### Input data
-- Opening Marker --

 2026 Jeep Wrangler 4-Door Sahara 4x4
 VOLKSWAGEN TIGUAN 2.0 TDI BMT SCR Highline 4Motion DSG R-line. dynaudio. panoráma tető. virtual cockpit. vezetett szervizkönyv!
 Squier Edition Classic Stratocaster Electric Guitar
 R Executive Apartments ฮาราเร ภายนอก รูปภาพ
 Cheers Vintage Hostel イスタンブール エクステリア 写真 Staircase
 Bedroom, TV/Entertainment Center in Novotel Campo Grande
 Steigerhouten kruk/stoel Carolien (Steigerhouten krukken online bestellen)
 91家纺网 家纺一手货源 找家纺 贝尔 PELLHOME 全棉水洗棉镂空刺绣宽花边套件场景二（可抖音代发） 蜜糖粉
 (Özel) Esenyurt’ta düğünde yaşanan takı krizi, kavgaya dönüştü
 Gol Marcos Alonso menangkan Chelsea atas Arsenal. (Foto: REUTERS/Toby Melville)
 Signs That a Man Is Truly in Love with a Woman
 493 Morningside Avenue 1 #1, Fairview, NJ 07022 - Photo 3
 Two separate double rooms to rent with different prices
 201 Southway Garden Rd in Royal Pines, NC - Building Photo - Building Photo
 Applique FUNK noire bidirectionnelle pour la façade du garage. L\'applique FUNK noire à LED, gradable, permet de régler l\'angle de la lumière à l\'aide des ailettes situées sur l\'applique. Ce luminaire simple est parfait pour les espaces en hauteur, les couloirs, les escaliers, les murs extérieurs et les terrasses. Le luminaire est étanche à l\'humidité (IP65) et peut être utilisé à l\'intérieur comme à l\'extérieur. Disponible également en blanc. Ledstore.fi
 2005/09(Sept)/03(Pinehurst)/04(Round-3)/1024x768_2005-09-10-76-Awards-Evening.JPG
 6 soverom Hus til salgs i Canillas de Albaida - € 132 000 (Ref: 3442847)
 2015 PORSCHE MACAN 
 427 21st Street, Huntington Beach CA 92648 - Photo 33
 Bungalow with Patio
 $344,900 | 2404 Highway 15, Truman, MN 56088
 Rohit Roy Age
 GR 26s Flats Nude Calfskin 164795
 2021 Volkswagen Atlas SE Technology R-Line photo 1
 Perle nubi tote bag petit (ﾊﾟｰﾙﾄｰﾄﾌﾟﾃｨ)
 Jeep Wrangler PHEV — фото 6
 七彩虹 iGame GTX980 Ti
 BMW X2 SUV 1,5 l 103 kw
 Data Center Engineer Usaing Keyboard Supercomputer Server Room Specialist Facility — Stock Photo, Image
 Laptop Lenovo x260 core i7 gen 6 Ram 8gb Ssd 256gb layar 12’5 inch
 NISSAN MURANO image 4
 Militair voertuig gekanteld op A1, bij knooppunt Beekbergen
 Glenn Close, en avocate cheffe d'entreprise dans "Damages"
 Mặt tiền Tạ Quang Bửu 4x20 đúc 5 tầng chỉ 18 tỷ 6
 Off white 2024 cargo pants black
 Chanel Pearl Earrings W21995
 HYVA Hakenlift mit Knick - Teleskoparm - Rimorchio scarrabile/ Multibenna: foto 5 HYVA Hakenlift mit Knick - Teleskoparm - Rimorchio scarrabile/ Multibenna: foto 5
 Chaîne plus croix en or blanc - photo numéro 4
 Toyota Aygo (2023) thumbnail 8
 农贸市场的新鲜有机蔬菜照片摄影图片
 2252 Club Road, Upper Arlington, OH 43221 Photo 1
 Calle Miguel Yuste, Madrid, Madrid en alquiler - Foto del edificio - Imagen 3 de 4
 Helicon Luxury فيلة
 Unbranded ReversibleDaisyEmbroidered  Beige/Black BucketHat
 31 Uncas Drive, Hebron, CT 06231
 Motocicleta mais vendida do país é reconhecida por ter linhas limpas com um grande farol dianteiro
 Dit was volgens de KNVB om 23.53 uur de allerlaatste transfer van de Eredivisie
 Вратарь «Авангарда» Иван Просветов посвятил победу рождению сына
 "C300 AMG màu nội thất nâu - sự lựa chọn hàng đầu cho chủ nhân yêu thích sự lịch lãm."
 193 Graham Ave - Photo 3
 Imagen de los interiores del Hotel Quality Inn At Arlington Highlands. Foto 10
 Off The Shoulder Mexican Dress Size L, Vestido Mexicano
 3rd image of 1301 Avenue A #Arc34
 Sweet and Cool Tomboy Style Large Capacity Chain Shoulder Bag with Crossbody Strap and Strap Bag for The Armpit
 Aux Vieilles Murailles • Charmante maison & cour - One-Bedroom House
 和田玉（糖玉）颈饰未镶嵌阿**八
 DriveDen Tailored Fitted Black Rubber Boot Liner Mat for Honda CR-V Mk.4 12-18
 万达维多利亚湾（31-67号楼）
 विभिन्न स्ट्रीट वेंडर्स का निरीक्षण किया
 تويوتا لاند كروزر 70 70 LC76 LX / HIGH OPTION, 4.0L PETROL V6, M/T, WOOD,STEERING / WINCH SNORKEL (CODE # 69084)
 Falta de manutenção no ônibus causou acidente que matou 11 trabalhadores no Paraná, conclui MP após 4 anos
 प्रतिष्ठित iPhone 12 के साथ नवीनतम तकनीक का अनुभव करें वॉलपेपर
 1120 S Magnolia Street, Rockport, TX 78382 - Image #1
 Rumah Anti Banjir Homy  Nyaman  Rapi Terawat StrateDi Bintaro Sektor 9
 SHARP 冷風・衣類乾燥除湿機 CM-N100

-- Closing Marker --

### Work order
The lines you need are those with the word "Wrangler"; list them from the entries.

### Expected answer
 2026 Jeep Wrangler 4-Door Sahara 4x4
 Jeep Wrangler PHEV — фото 6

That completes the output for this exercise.